The Swiss style typography is the use of sans-serif typeface such as Akzidenz Grotesk and Neue Haas Grotesk (a.k.a Helvetica) with this philosophy, graphic designers were aiming at clarity and simplicity. Helvetica is a typeface that is popular because it is used in corporate identity, street signs, magazines and everywhere. The Swiss Style typeface doesn’t have to be expressive in itself, unnoticed instrument of formulation (expression).
The Swiss Style graphic designers use of sans-serif typefaces, they weren’t paying an attention to the historical legacy (something that is) and experimentation with something new. Jan Tschichold himself admitted his book was too strictly. A single lesson from the Swiss Style to love and respect typefaces
Font-Size is a tool for readability It’s very common to spot the use of font-size contrast in the works of Swiss Style.
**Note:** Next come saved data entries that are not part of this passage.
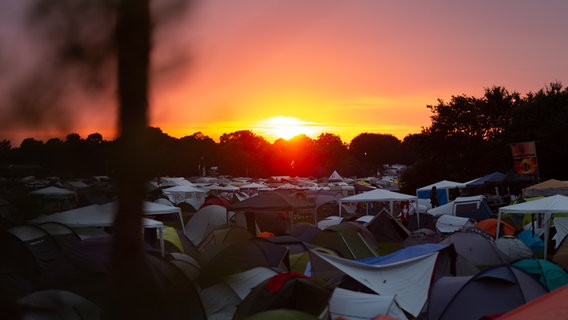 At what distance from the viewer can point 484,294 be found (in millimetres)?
9289

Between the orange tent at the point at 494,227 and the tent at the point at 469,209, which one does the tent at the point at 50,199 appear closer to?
the orange tent at the point at 494,227

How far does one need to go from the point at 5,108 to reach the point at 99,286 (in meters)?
0.59

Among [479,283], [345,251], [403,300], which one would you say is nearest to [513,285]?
[479,283]

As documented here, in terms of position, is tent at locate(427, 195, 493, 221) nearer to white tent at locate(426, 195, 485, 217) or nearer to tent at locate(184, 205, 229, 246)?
white tent at locate(426, 195, 485, 217)

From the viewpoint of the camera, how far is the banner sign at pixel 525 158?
104ft

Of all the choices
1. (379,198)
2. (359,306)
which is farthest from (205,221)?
(359,306)

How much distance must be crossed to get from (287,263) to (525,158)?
76.1 ft

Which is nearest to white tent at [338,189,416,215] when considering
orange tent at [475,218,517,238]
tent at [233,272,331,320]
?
orange tent at [475,218,517,238]

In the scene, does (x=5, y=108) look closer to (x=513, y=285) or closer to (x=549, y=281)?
(x=513, y=285)

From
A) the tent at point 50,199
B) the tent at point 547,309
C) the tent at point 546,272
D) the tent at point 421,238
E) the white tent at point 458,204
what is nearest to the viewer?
the tent at point 50,199

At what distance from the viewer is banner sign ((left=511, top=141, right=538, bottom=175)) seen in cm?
3170

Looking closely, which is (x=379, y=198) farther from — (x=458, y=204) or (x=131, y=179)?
(x=131, y=179)

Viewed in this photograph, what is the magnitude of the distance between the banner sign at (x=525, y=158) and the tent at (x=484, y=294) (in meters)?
23.8

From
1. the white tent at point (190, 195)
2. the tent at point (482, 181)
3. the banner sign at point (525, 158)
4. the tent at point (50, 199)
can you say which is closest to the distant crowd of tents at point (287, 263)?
the tent at point (50, 199) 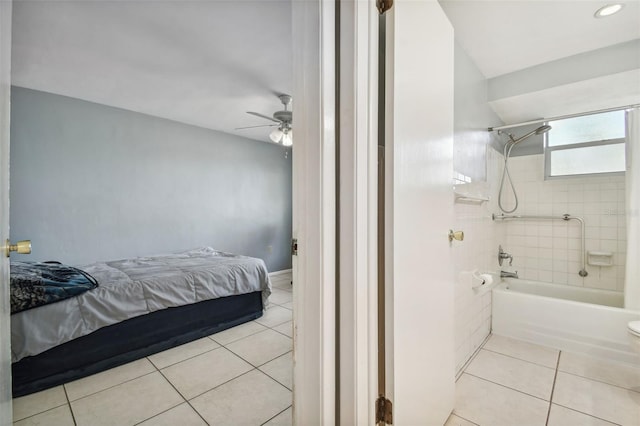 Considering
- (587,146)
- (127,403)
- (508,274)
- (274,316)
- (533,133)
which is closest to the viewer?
(127,403)

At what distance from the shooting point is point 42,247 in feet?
9.12

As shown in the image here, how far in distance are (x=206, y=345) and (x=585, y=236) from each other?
376cm

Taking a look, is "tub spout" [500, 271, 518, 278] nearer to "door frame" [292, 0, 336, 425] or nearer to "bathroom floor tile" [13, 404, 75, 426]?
"door frame" [292, 0, 336, 425]

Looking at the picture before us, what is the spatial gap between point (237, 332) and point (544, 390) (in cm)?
240

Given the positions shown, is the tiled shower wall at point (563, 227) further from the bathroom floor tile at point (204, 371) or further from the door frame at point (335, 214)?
the bathroom floor tile at point (204, 371)

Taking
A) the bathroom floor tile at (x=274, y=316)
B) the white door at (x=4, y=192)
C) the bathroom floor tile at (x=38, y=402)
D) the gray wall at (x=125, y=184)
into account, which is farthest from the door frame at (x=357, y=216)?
the gray wall at (x=125, y=184)

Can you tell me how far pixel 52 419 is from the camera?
1511 mm

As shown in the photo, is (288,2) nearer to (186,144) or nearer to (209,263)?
(209,263)

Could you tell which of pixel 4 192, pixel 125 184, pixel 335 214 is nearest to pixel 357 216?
pixel 335 214

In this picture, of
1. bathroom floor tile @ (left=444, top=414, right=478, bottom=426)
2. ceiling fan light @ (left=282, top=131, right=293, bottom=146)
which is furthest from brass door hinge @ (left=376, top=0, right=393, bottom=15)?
ceiling fan light @ (left=282, top=131, right=293, bottom=146)

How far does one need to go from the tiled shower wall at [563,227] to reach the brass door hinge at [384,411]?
2.77 meters

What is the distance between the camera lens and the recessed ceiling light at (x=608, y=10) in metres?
1.66

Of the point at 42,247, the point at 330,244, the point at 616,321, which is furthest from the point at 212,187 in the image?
the point at 616,321

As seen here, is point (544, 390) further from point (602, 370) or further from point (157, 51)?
point (157, 51) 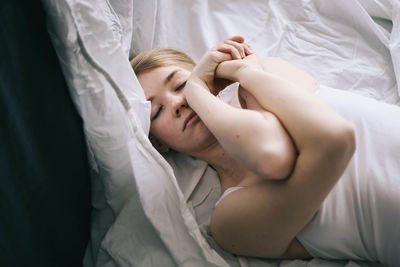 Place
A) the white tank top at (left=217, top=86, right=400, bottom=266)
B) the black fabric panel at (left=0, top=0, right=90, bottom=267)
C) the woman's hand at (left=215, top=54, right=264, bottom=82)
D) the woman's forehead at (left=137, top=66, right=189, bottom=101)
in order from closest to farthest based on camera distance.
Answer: the black fabric panel at (left=0, top=0, right=90, bottom=267) → the white tank top at (left=217, top=86, right=400, bottom=266) → the woman's hand at (left=215, top=54, right=264, bottom=82) → the woman's forehead at (left=137, top=66, right=189, bottom=101)

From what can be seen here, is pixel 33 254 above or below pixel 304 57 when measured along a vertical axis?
below

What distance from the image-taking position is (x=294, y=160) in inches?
23.6

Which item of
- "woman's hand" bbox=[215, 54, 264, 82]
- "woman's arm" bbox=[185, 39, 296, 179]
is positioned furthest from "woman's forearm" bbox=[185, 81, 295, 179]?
"woman's hand" bbox=[215, 54, 264, 82]

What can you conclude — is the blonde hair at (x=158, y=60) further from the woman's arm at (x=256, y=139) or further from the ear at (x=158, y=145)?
the woman's arm at (x=256, y=139)

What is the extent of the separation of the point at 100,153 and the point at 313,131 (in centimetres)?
46

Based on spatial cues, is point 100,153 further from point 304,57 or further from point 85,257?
point 304,57

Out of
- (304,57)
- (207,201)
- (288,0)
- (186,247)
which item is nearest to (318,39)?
→ (304,57)

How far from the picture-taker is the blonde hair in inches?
37.6

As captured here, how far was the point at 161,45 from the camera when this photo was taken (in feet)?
3.86

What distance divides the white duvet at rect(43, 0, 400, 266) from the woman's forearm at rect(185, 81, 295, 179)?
0.61 ft

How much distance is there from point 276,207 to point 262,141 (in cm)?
14

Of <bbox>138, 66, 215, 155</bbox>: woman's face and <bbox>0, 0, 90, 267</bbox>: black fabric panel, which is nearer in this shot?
<bbox>0, 0, 90, 267</bbox>: black fabric panel

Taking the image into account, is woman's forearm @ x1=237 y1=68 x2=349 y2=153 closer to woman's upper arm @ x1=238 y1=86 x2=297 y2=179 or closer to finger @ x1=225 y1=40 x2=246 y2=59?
woman's upper arm @ x1=238 y1=86 x2=297 y2=179

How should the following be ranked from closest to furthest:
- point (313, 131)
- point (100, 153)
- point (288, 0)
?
point (313, 131) < point (100, 153) < point (288, 0) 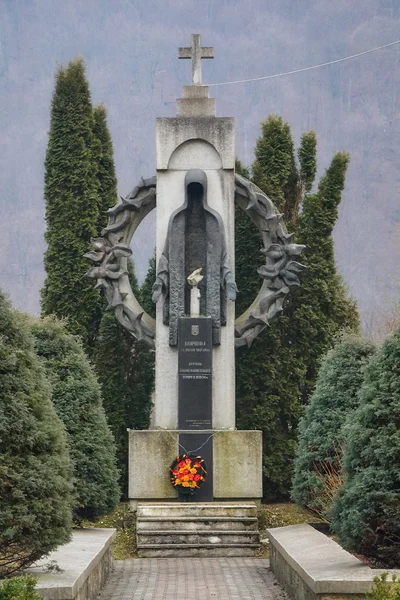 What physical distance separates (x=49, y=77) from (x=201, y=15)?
8.35 m

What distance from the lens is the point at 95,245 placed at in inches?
637

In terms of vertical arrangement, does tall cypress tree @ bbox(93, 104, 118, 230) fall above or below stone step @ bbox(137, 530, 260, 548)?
above

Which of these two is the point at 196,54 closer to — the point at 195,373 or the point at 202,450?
the point at 195,373

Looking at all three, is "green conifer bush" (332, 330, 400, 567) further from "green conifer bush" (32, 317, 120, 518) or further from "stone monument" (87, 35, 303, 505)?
"stone monument" (87, 35, 303, 505)

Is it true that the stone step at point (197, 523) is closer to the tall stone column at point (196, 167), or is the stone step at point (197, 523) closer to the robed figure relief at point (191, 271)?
the tall stone column at point (196, 167)

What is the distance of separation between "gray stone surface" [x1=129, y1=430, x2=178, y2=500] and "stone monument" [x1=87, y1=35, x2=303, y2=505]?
0.04 feet

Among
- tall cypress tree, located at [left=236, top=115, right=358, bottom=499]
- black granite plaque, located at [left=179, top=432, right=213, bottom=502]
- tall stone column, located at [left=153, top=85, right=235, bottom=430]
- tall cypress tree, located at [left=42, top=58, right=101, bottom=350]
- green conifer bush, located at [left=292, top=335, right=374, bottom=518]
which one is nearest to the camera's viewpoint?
green conifer bush, located at [left=292, top=335, right=374, bottom=518]

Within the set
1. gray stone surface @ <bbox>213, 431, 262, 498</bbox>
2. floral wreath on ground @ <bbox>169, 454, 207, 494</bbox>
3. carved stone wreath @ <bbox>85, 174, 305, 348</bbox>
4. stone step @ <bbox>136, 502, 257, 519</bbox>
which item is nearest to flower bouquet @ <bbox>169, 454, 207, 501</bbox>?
floral wreath on ground @ <bbox>169, 454, 207, 494</bbox>

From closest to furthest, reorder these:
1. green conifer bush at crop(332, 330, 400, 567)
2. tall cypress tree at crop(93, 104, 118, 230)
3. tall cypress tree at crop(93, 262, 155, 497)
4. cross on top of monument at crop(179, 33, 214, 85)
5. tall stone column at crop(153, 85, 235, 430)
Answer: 1. green conifer bush at crop(332, 330, 400, 567)
2. tall stone column at crop(153, 85, 235, 430)
3. cross on top of monument at crop(179, 33, 214, 85)
4. tall cypress tree at crop(93, 262, 155, 497)
5. tall cypress tree at crop(93, 104, 118, 230)

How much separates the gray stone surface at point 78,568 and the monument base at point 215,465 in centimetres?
236

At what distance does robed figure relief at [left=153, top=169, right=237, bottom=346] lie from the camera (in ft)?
50.3

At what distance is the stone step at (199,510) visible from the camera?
13953mm

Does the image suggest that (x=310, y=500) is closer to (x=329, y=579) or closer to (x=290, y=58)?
(x=329, y=579)

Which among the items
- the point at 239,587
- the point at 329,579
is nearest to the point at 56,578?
the point at 329,579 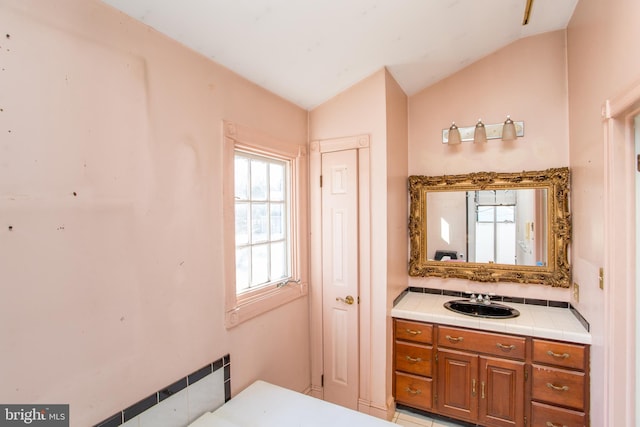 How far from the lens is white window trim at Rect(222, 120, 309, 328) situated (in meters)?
1.79

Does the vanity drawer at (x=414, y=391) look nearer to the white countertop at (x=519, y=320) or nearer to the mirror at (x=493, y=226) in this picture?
the white countertop at (x=519, y=320)

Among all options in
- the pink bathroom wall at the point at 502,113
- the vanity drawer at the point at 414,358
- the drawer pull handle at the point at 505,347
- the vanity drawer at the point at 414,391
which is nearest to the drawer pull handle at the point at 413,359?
the vanity drawer at the point at 414,358

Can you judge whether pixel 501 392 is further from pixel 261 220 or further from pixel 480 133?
pixel 261 220

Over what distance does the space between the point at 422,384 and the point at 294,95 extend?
2.36 meters

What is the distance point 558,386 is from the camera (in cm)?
204

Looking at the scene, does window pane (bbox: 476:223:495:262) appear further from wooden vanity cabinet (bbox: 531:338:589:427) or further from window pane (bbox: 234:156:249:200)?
window pane (bbox: 234:156:249:200)

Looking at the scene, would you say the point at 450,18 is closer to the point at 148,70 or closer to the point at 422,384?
the point at 148,70

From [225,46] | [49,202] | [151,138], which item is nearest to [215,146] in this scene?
[151,138]

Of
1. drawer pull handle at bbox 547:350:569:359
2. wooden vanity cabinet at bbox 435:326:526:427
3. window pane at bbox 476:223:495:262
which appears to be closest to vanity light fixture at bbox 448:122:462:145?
window pane at bbox 476:223:495:262

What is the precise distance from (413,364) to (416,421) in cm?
42

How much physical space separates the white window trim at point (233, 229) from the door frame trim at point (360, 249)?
9cm

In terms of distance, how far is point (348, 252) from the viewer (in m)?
2.41

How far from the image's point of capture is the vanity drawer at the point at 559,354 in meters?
1.98

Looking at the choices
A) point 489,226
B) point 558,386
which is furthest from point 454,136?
point 558,386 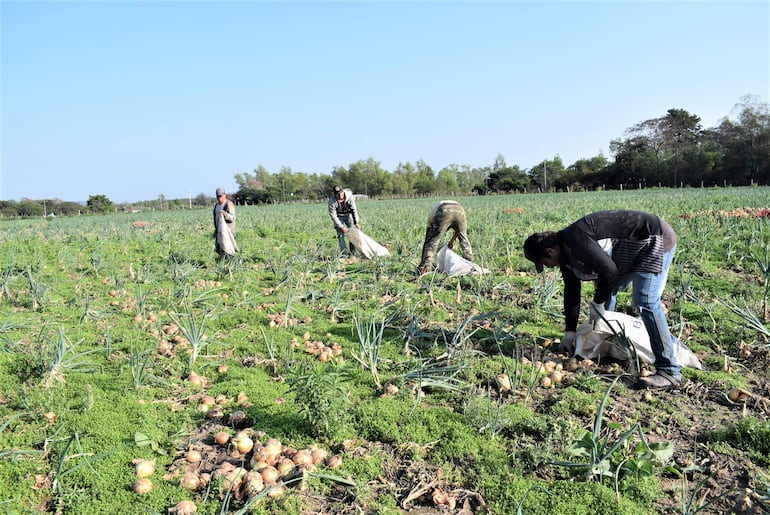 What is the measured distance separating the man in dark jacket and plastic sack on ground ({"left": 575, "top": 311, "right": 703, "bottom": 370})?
0.59ft

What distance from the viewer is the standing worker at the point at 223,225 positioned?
7.74m

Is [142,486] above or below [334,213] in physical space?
below

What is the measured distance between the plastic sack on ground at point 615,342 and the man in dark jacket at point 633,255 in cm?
18

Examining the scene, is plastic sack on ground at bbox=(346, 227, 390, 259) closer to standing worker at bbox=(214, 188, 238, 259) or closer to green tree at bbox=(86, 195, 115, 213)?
standing worker at bbox=(214, 188, 238, 259)

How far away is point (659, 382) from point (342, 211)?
587cm

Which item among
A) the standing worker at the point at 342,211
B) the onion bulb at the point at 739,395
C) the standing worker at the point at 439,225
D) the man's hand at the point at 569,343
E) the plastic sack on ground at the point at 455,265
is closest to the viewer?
the onion bulb at the point at 739,395

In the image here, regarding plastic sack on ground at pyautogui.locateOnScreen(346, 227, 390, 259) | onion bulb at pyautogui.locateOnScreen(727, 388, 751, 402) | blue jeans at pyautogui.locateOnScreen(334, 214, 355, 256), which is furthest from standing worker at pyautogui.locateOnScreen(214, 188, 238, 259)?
onion bulb at pyautogui.locateOnScreen(727, 388, 751, 402)

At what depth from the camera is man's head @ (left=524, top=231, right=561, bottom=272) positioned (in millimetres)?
3395

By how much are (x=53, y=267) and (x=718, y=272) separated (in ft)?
33.4

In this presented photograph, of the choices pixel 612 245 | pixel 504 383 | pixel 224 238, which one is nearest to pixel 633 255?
pixel 612 245

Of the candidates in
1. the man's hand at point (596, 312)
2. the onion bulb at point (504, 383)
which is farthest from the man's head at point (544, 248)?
the onion bulb at point (504, 383)

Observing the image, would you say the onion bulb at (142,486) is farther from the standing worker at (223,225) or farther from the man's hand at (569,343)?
the standing worker at (223,225)

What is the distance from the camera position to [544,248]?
340 centimetres

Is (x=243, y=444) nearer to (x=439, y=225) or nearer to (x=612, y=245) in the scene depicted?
(x=612, y=245) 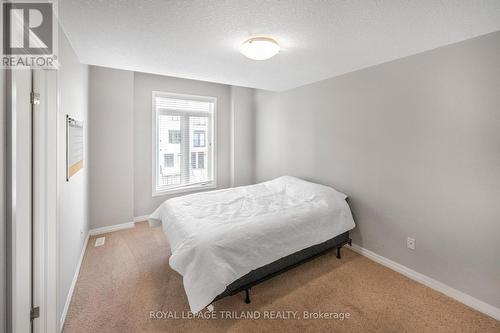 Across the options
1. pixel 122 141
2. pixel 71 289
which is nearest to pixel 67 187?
pixel 71 289

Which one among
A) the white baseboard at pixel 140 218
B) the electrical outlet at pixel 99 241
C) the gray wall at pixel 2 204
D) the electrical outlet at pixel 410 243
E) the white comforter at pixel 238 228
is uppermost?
the gray wall at pixel 2 204

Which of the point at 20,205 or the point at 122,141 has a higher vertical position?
the point at 122,141

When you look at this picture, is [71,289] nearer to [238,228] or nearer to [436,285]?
[238,228]

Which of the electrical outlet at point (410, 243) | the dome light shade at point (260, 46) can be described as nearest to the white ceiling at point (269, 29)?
the dome light shade at point (260, 46)

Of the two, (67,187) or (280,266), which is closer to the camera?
(67,187)

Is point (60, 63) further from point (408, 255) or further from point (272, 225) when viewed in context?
point (408, 255)

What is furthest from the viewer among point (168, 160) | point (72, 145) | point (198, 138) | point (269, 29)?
point (198, 138)

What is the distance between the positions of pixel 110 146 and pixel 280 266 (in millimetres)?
3037

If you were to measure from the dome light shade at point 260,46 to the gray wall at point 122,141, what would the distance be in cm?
242

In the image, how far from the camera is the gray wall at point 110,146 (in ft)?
10.3

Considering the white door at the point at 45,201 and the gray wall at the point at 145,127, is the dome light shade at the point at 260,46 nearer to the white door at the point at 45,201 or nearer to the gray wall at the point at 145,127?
the white door at the point at 45,201

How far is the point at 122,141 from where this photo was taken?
335 cm

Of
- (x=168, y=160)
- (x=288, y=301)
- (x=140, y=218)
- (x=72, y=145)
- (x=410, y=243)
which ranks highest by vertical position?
(x=72, y=145)

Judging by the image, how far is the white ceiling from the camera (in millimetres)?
1413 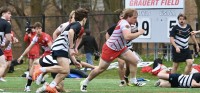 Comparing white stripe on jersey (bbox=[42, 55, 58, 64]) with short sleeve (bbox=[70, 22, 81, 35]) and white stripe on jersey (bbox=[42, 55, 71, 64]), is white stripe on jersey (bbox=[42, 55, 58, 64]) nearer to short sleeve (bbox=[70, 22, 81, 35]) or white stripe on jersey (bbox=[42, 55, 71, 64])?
white stripe on jersey (bbox=[42, 55, 71, 64])

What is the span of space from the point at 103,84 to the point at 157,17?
8.55 metres

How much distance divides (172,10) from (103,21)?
9.44 m

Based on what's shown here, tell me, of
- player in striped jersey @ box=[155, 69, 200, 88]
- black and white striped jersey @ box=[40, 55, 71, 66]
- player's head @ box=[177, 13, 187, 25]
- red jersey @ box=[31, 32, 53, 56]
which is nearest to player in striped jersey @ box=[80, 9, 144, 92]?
black and white striped jersey @ box=[40, 55, 71, 66]

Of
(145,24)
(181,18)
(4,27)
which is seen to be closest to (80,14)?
(4,27)

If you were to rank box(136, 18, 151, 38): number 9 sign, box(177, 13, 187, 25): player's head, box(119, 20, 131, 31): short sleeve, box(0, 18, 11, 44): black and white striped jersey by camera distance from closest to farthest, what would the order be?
box(119, 20, 131, 31): short sleeve
box(0, 18, 11, 44): black and white striped jersey
box(177, 13, 187, 25): player's head
box(136, 18, 151, 38): number 9 sign

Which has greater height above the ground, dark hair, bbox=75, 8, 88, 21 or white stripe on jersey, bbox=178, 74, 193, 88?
dark hair, bbox=75, 8, 88, 21

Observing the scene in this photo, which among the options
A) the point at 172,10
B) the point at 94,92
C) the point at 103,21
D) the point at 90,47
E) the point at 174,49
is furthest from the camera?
the point at 103,21

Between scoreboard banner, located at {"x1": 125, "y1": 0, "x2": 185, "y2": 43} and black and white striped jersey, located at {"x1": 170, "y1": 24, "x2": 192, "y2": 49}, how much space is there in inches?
282

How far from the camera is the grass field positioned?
48.1ft

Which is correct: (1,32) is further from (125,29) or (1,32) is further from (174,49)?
(174,49)

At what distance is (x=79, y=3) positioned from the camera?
46.0 meters

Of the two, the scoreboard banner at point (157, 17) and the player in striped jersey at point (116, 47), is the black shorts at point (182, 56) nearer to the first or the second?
the player in striped jersey at point (116, 47)

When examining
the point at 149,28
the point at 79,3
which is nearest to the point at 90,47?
the point at 149,28

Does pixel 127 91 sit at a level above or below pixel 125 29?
below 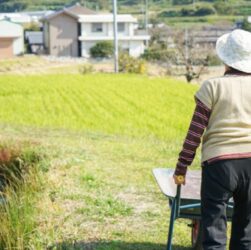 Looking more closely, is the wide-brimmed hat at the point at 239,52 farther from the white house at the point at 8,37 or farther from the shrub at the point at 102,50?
the white house at the point at 8,37

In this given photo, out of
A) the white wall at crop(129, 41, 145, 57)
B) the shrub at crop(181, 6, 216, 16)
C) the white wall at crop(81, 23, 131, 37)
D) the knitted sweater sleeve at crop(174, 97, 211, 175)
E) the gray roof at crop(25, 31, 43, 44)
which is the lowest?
the white wall at crop(129, 41, 145, 57)

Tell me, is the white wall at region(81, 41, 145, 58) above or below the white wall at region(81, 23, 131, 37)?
below

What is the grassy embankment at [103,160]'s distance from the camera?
4.30 metres

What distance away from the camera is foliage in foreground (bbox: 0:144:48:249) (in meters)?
4.09

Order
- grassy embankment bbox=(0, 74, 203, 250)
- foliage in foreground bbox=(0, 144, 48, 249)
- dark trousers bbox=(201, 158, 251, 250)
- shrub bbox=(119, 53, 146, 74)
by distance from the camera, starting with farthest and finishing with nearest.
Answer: shrub bbox=(119, 53, 146, 74) → grassy embankment bbox=(0, 74, 203, 250) → foliage in foreground bbox=(0, 144, 48, 249) → dark trousers bbox=(201, 158, 251, 250)

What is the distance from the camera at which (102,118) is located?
44.1 feet

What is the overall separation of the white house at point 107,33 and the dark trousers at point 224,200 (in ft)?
140

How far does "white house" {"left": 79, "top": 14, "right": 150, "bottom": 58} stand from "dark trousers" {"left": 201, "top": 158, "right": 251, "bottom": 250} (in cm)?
4270

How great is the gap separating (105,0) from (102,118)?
79924 mm

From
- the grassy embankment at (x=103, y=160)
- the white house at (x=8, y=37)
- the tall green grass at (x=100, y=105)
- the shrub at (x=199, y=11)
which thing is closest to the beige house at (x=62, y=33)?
the white house at (x=8, y=37)

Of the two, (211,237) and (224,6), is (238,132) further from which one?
(224,6)

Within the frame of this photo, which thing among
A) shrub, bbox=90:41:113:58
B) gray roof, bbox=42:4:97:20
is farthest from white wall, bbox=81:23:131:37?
shrub, bbox=90:41:113:58

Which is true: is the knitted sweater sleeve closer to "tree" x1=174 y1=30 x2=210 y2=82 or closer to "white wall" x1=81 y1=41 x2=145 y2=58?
"tree" x1=174 y1=30 x2=210 y2=82

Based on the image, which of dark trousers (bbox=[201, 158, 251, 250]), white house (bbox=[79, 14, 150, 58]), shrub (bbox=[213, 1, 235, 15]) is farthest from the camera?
shrub (bbox=[213, 1, 235, 15]) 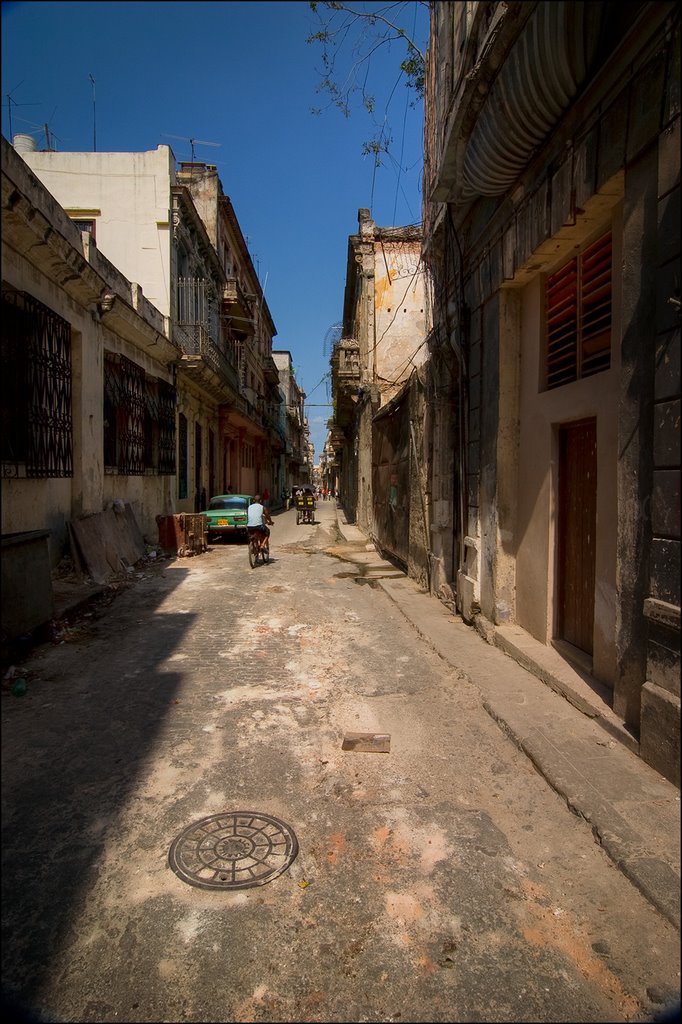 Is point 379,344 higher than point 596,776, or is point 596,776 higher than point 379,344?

Different font-sizes not only generate visual impact but also provide readers with a hint about the hierarchy of the presented data. The top-level elements are in the content’s information architecture and page’s hierarachy.
 Photography is one important part of the Swiss Style is it remarkable use of photography. Following the modernist ideas in which photography was more better tool to portray reality than drawings and illustrations, a very important Swiss graphic design publication at the time, a big part of its satisfied (content) to photography and its application in design.
Graphic Designers hear the term of Swiss Design all the time, if asked to define it, couldn’t better than point to a vague, general gestalt: crisp, blocky layouts, minimalist design ethos, and sans serif typefaces. Swiss Design is basically synonymous with Helvetica means “Swiss” (in Latin, Switzerland was the Confederatio Helvetica) which was designed in 1957.
Their style, which was called the International Typographic Style at the time was guided by the ethos that design should be as invisible as possible. All traces of the designer’s subjectivity should be suppressed in order to let the “happy” of a work shine through. To the axiom of architectural modernism that form should follow function.
Swiss Design was the use of asymmetric layouts with text aligned flush-left, ragged-right; sans serif typefaces like Akzidenz Grotesk and later Helvetica (called Neue Haas Grotesk); the use of photographs instead of illustration; and most importantly, the deployment of a mathematically determined grid to determine the placement of design elements – a method that remains important to this day in web design.